I have a great time with this movie. I love the entire cast in this film, Jeff Bridges and Jon Hamm are among my favourite actors working in Hollywood and I love to see Chris Hemsworth doing a fantastic job playing the villain for a change. The rest of the cast are fantastic too.
As an aside, Cynthia Erivo’s voice still completely blows me away every time I watch the movie, even though I have seen it before. I know that she has done some Broadway shows in the past, but she sounds utterly incredible in this film and I love the way that her singing is organically tied in with the plot.
Bad Times is written and directed by Drew Goddard, who was also behind Cabin In The Woods and there are some similarities here, if you were to swap the horror elements out for mystery. I have also seen multiple reviews over the years comparing Bad Times to a Tarantino movie. There are obviously similarities in the structure that this film uses and the out-of-chronological-order structure that a Tarantino movie tends to follow, but I’d argue that Bad Times has its own distinct and unique style.

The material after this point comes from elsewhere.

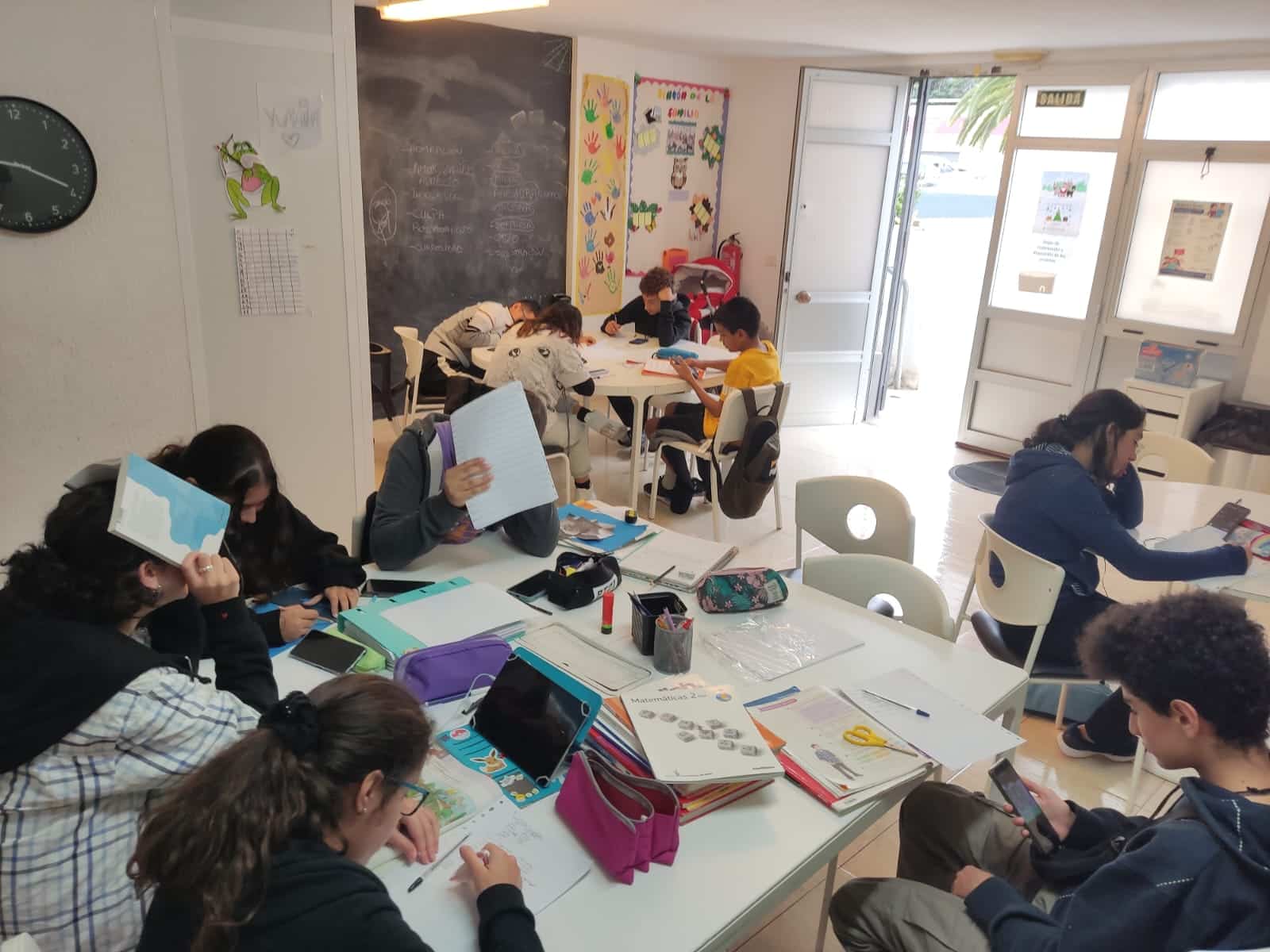 Conoce el Proyecto Intervención Educativa Con Menores Y Adolescentes Conoce el Proyecto Intervención Educativa Con Menores Y Adolescentes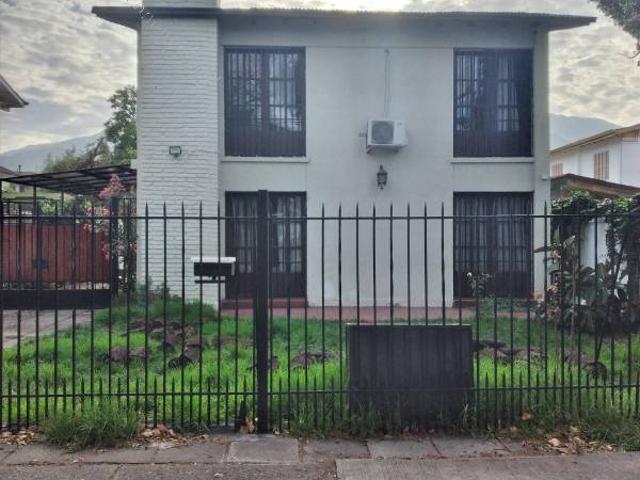 Toledo Propiedades Ltda arrienda casa Ñuñoa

I also think that the cinematography is very effective throughout the film. The opening scene is particularly well shot, as is the scene when Hemsworth’s character is introduced. The score also works well with the plot and the dialogue in the script is well written too.
The main negative that slightly hinders my enjoyment of the movie, are the decisions made regarding the pacing. The movie is split up so that we see things happen out of sequence or they are seen more than once from a different perspective. We are introduced to each new character and then we are given their backstory via a flashback. The main issue with this structure is that the flashbacks break the momentum of the events happening in the current story.
Without spoiling too much, towards the end of the movie, everything comes to a head and an intense fight/shootout breaks out. Then, for some unknown reason, the filmmakers decide to slam on the brakes and give us another arbitrary flashback. It slightly breaks your immersion as a viewer and tarnishes the intensity of the shootout sequence for me.
Overall, I had a good time re-watching Bad Times for review. If you are looking for an exciting, suspenseful thriller, then you could definitely do worse than spending a night at The El Royale.